Amin Nasser, chief executive of Saudi oil giant Aramco, recently confirmed that the pipeline is "the main route we are relying on right now." Riyadh is now examining how to increase the volume of its exports, currently standing at 10.2 million barrels a day, through pipelines, whether by expanding the existing line or laying new routes. The kingdom is also considering building additional export terminals on the Red Sea, including at the deepwater port under construction as part of the Neom project.

'Taking fate into our own hands'
In the long term, the new pipelines are expected to be integrated into broader trade routes. A Gulf official told the Financial Times that one option now being considered is reviving the ambitious US-backed IMEC plan for a corridor stretching from India through the Gulf to Europe. The original plan, as previously outlined, included a complex pipeline that was supposed to reach the port of Haifa.
Yossi Abu, chief executive of NewMed Energy, said he was confident pipelines to the Mediterranean would indeed be built, whether ending at ports in Israel or Egypt. "People need to control their own destiny, together with their friends," Abu told the Financial Times. "We need oil pipelines and rail connections across the region, over land, without giving others choke points to strangle us."

Minefields and political obstacles
Despite broad agreement on the need for such a move, the obstacles are enormous. Christopher Bush, chief executive of Lebanon's CAT Group, which helped build the existing Saudi pipeline, estimated that replicating the pipeline today would cost at least $5 billion because of the need to carve through basalt mountains. More ambitious plans crossing several countries, for example from Iraq through Jordan, Syria or Turkey, would cost between $15 billion and $20 billion.

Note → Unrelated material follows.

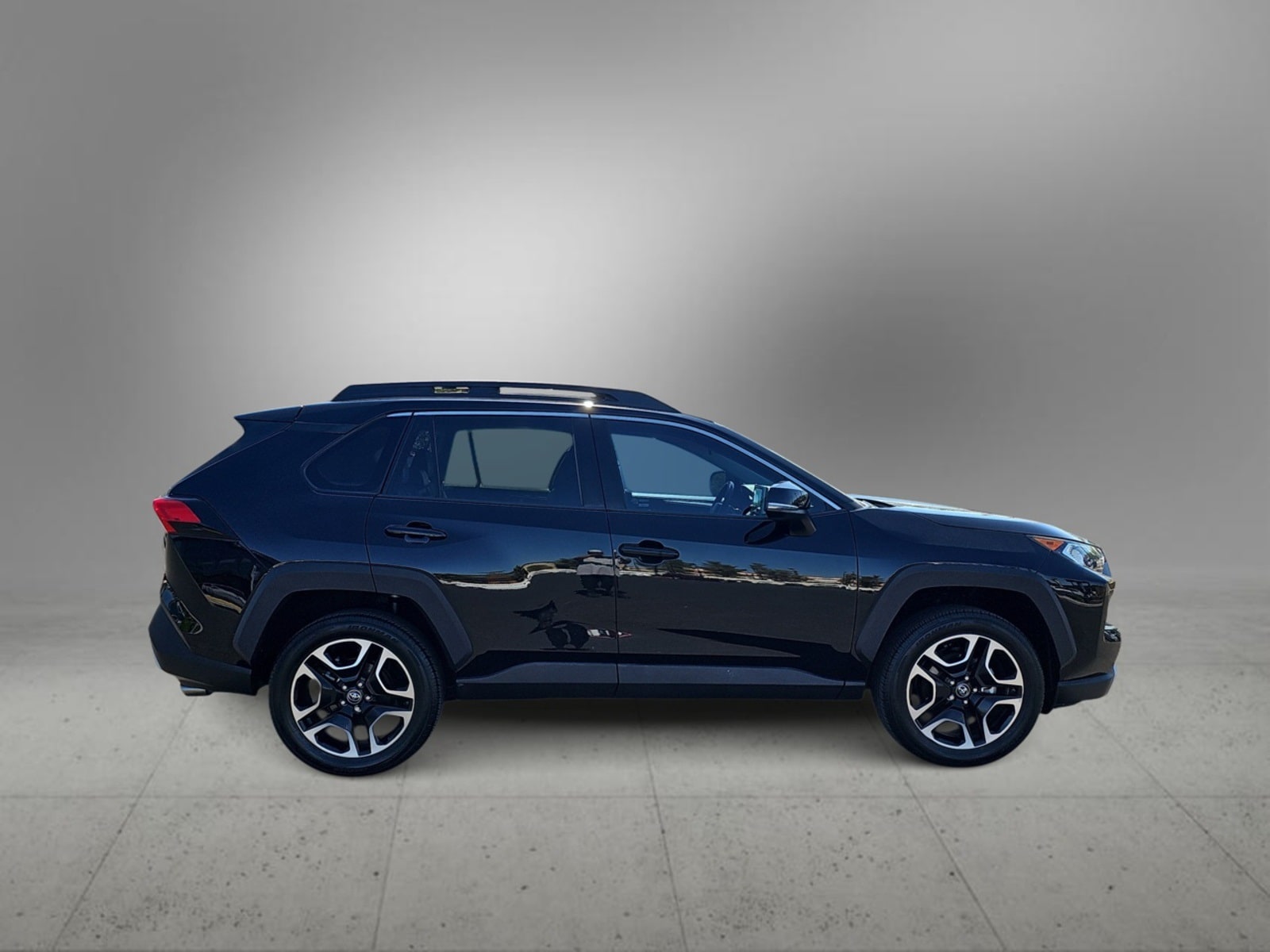 Thumbnail: 2019 Toyota RAV4 - 10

Beyond the cost, there are serious security risks, including unexploded ordnance in Iraq and the continued presence of Islamic State and other terrorist organizations. The southern option of pumping oil to ports in Oman also faces difficulties because of mountainous and desert terrain.
Moreover, Oman's ports are not immune. Drone attacks in recent days even forced the key port of Salalah to shut down temporarily.

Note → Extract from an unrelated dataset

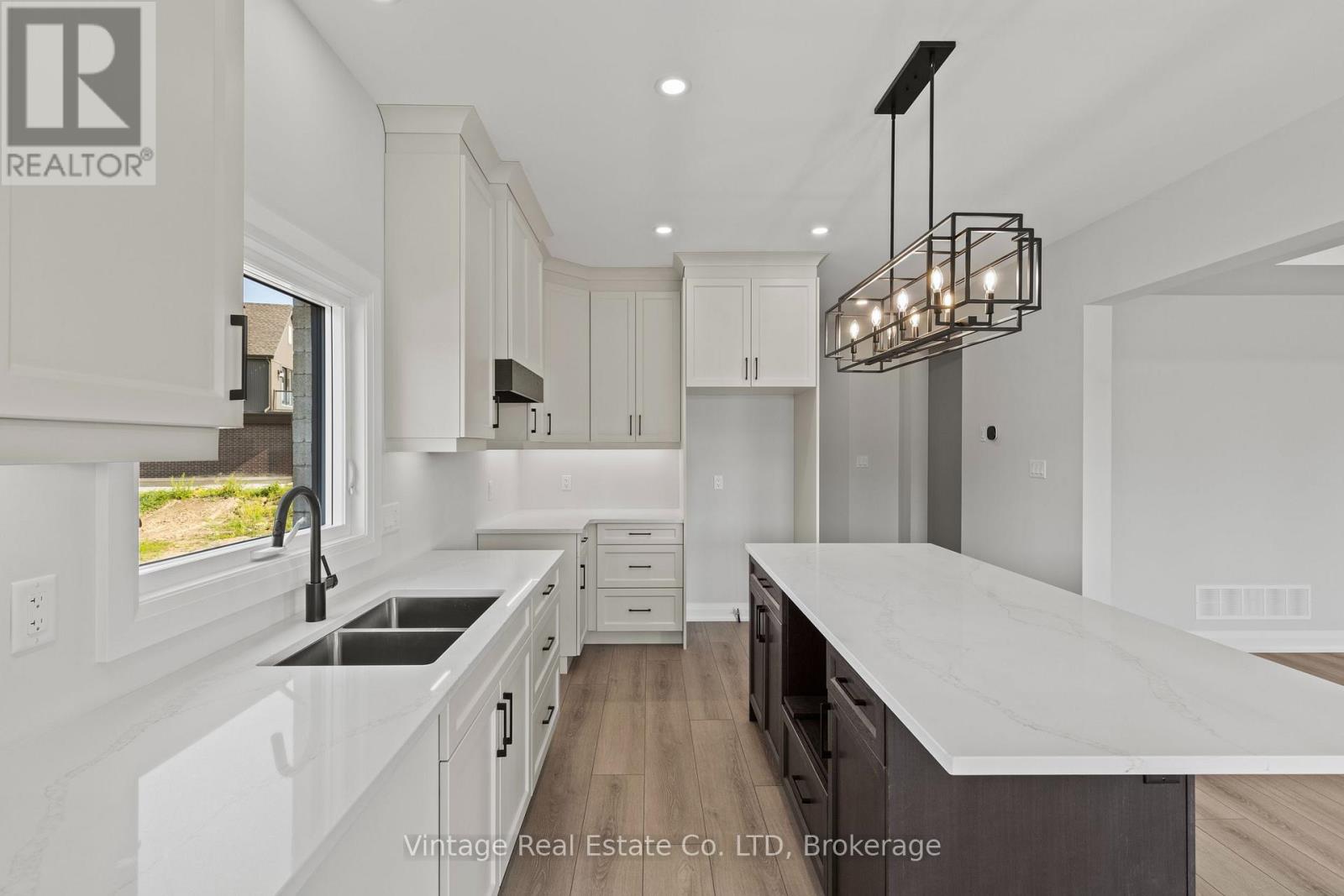 7455 Majestic Trail, Niagara Falls, Ontario  L2H 3V9 - Photo 6 - X13571020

Added to that is the political challenge of managing shared pipelines. "A pipeline system would require Gulf states to abandon their isolationist policies and unite," Bush said.
While the UK is leading talks among 35 countries in an attempt to form a coalition to reopen the Strait of Hormuz, Mason Kafafy, a senior adviser at the Atlantic Council, said Gulf states understand that reality has changed.
"I sense a shift from hypotheses to operational reality. Everyone is loo king at the same map and reaching the same conclusions," she said. "I do not expect things to return to what they were before the confrontation."